Regarding claim 1, applicant alleges that “as the present independent claims include at least one limitation which is not expressly or inherently described by Fukagai, at least the independent claims are patentable over Fukagai.”
The Office respectfully disagrees. In fact, it is unclear from applicant’s arguments which specific claim limitation(s) is (are) not disclosed by Fukagai.
Applicant argues that “Fukagai discloses a two-stage object detector which uses different layers of a CNN to detect objects: a region proposal network layer (e.g. RPN layer) and a Fast R-CNN layer (e.g. see elements 14 and 15 of FIG. 1, and FIG. 6). In other words, Fukagai uses two layers of a single CNN to both propose regions and detect objects. Put another way, region proposals in the context of Fukagai are an internal part of a CNN, and which act as an interface between the two layers. The region proposals are output by the region proposal network layer of the CNN to the Fast R- CNN layer of the CNN.”
The Office respectfully disagrees. In fact, whether or not the particular CNN disclosed by Fukagai, in this case, the R-CNN, is inside another system, which may or may not include CNN elements, is of no relevance as long as the R-CNN in Fukagai, which is mapped to the claim limitations, does the same thing as claimed in claim 1.
Applicant further argues that “the presently claimed subject matter uses a separate module to generate input to a CNN. Such a feature is different from Fukagai, in which performance of a CNN occurs based on layers internal to the CNN. Indeed, the presently claimed "generating a plurality of region proposals, each region proposal 
The Office respectfully disagrees. In fact, Fukagai also uses a separate module (14 of Fig. 1 of Fukagai) to generate input to a CNN (the R-CNN or 15 of Fig. 1 of Fukagai). It is also noted that in applicant’s Fig. 4 the region proposal module 402 and CNN module 406 are also part of one system 400, i.e., the CNN module 406 is internal to the system 400.
Applicant then argues that “while both Fukagai and the presently claimed subject matter use the term "Region Proposal", the regions proposals of Fukagai, and the regions proposals of the presently claimed subject matter, are not the same (e.g. they may have similar names, but they are not equivalent).” To support this argument, applicant asserts that “in the presently claimed subject matter, region proposals are input to a CNN pre-trained for object detection: attention is directed to present FIG. 4 which shows region proposals, from a region proposal module, being input to a CNN observations module. While in Fukagai, regions proposals are an internal CNN feature.”

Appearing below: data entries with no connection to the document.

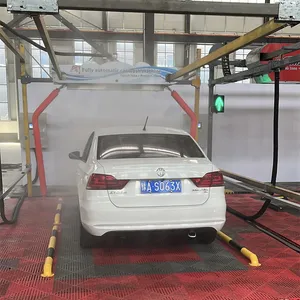 Touchless Smart Car Wash Computer-Controlled, Labor-Free, 5-Min High-Speed System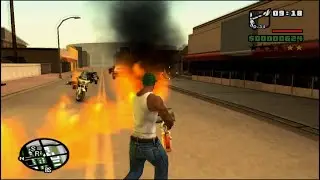 Weapon Set 2 Cheat - GTA San Andreas Cheats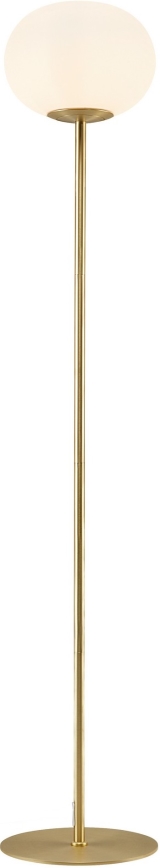 Nordlux - Golvlampa ALTON 1xE27/25W/230V guld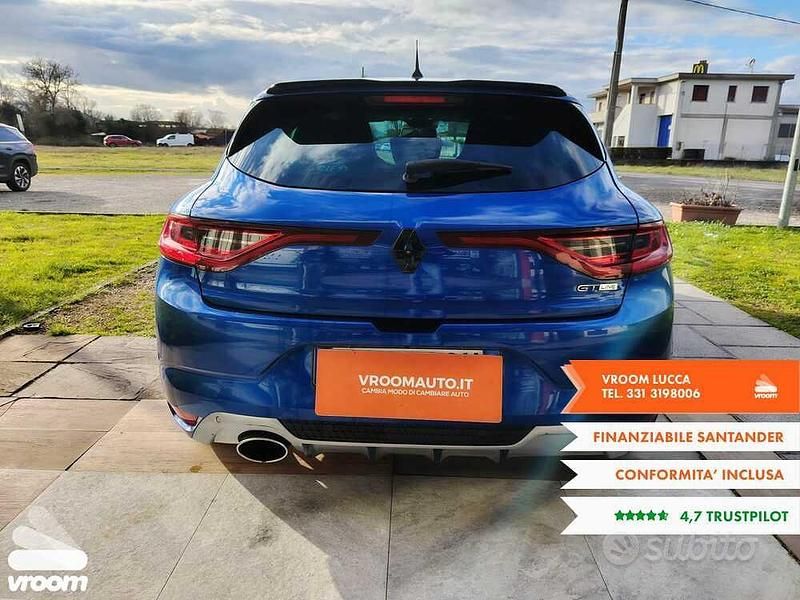 Usata Renault Mégane IV 131 CV (96 kW) 2017 Berlina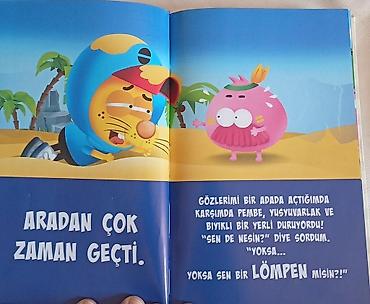 Книги и журналы: Kral Şakir- Macera adasi! MAGAZALARDAN DAHA UCUZDUR QİYMET-7 azn — 4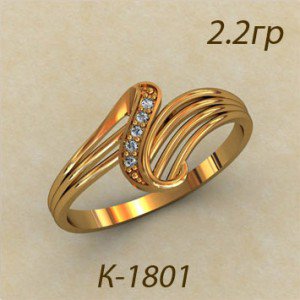 К1801 Восковка кольцо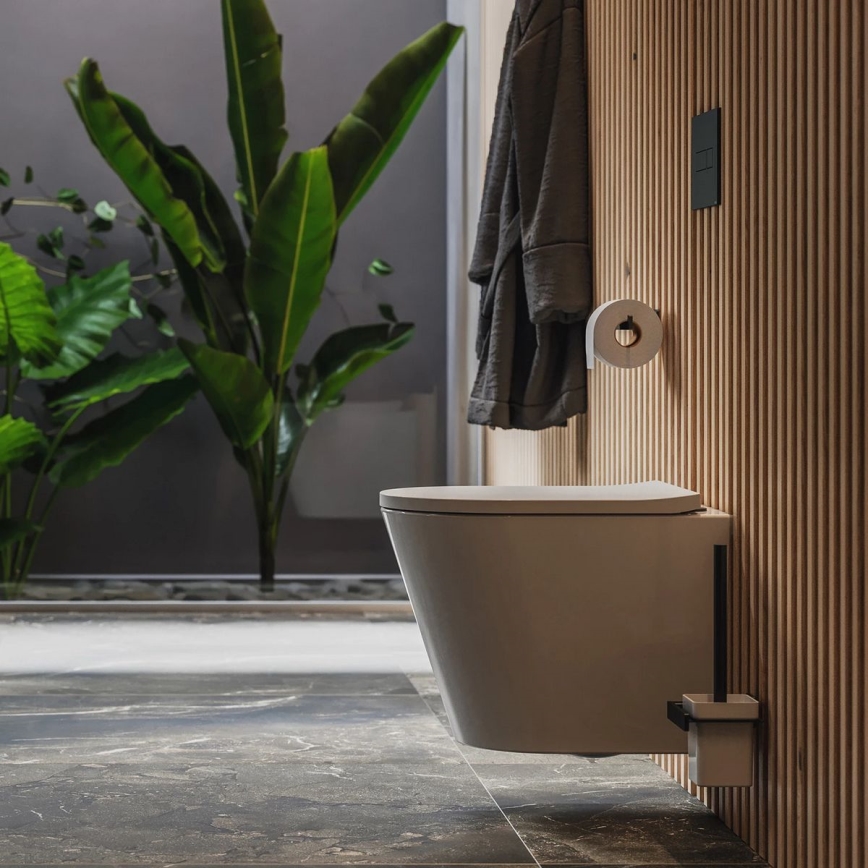 OMNIRES TAMPADEBP - WC deska SoftClose TAMPA duroplast/sijoča ​​bela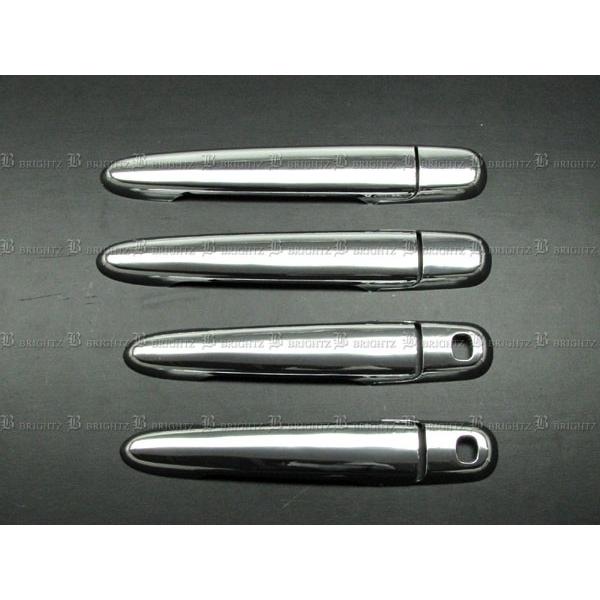 ブライツ BRIGHTZ ウェイク LA700S LA710S メッキドアハンドルカバー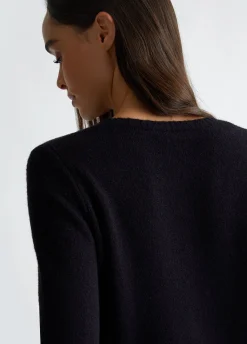 Discount Cardigan in Lana e Alpaca / Donna Maglieria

The Office respectfully disagrees. Here, applicant’s logic has similar flaws as discussed above. First of all, applicant has not pointed out exactly what the difference is between the term "Region Proposal" used by Fukagai and the term "Region Proposal" used in claim 1. In fact, applicant has just argued that “the presently claimed "generating a plurality of region proposals, each region proposal comprising a part of a video frame, the plurality of region proposals being input to a convolutional neural network (CNN) pre-trained for object detection" could be used to generate input TO the RPN layer of input to a CNN pre-trained for object detection. Thirdly, just like a region proposal module 402 is inside the system or module 400 and provides input to a CNN observations module 406 inside the system or module 400 as shown in Fig. 4 of instant application, the unit 14 is inside the system 1 and provides input to a CNN unit 15 inside the system 1 of Fig. 1 of Fukagai.

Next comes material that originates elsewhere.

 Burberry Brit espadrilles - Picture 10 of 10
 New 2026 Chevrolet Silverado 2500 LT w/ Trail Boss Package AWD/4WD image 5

Furthermore, applicant argues that “as described throughout the present application, optimization of performance of the CNN occurs by manipulating the region proposal input to the CNN and not the CNN itself”, “whereas Fukagai is directed towards optimization of the CNN”.

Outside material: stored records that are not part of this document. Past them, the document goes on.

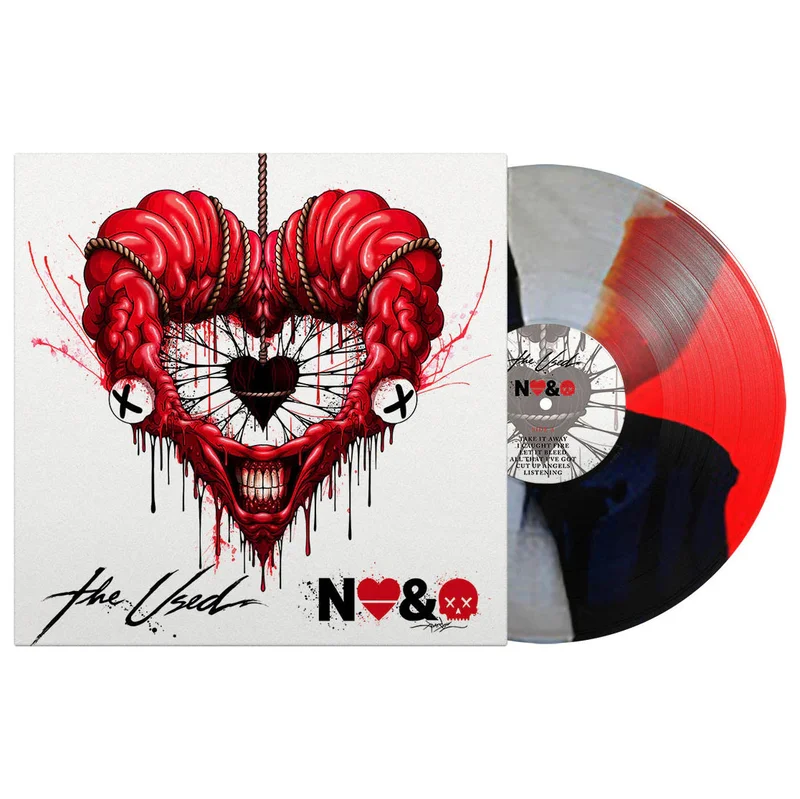 The Used: In Love and Death 12" (Indie Exclusive)
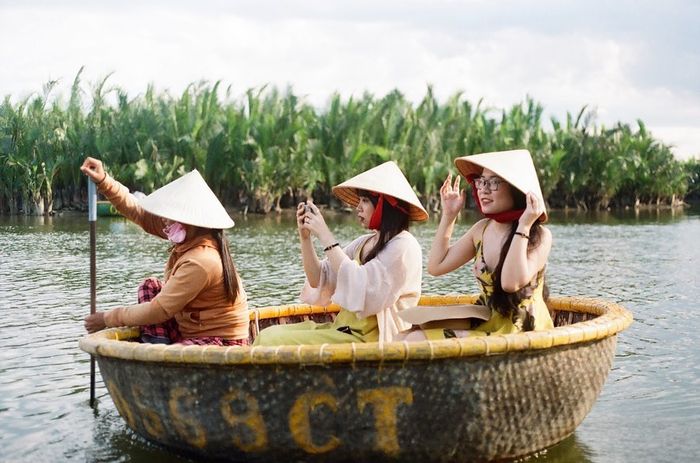 Rừng dừa Bảy Mẫu trong tour Đà Nẵng của Saigon Star Travel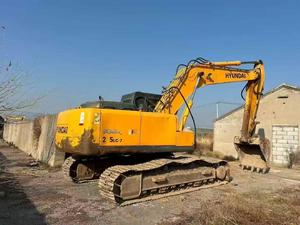 Buy 现代 R225-7 Used Excavator Used 现代 R225-7 Excavator 2016 Model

The Office respectfully disagrees. First of all, the rejection is on the claimed invention not on the specification or figures of the application. If applicant believes that there is something unique (and unclaimed) about the invention, applicant should claim it. For example, “optimization of performance of CNN” “by manipulating the region proposal input to the CNN” is not a claimed subject matter. Secondly, the office action maps the R-CNN to the claimed CNN. If applicant disagrees with this mapping, applicant should point out where the office has erred in such a mapping.
Finally, applicant argues that “the goals of the presently claimed subject matter and Fukagai are also different. For example, the subject matter of Fukagai is directed towards optimizing performance for each single object in a given input generated by the RPN layer. In contrast, in the presently claimed subject matter, performance for ALL input to the CNN for the detector.”
The Office respectfully disagrees. Again, the rejection is on the claimed invention not on the goal of the claimed subject matter. As long as all the claim limitations are anticipated by the prior art, the claim is anticipated by the prior art, in this case Fukagai. Applicant has not pointed out where the office has erred in the rejection presented in the previous office action and which claim limitation is not anticipated by the prior art of Fukagai.
References Cited in Prior Art Rejections 
The following references are cited in the prior art rejections set forth below and are referred to as noted:
Fukagai, US 20190050694 A1, published on February 14, 2019, filed on August 6, 2018, hereinafter Fukagai, and
Cinnamon et al., US 20190019318 A1, published on January 17, 2019, filed on November 1, 2017, hereinafter Cinnamon.  

Claim Rejections - 35 USC § 102
The following is a quotation of the appropriate paragraphs of 35 U.S.C. 102 that form the basis for the rejections under this section made in this Office action:
A person shall be entitled to a patent unless –

(a)(1) the claimed invention was patented, described in a printed publication, or in public use, on sale or otherwise available to the public before the effective filing date of the claimed invention.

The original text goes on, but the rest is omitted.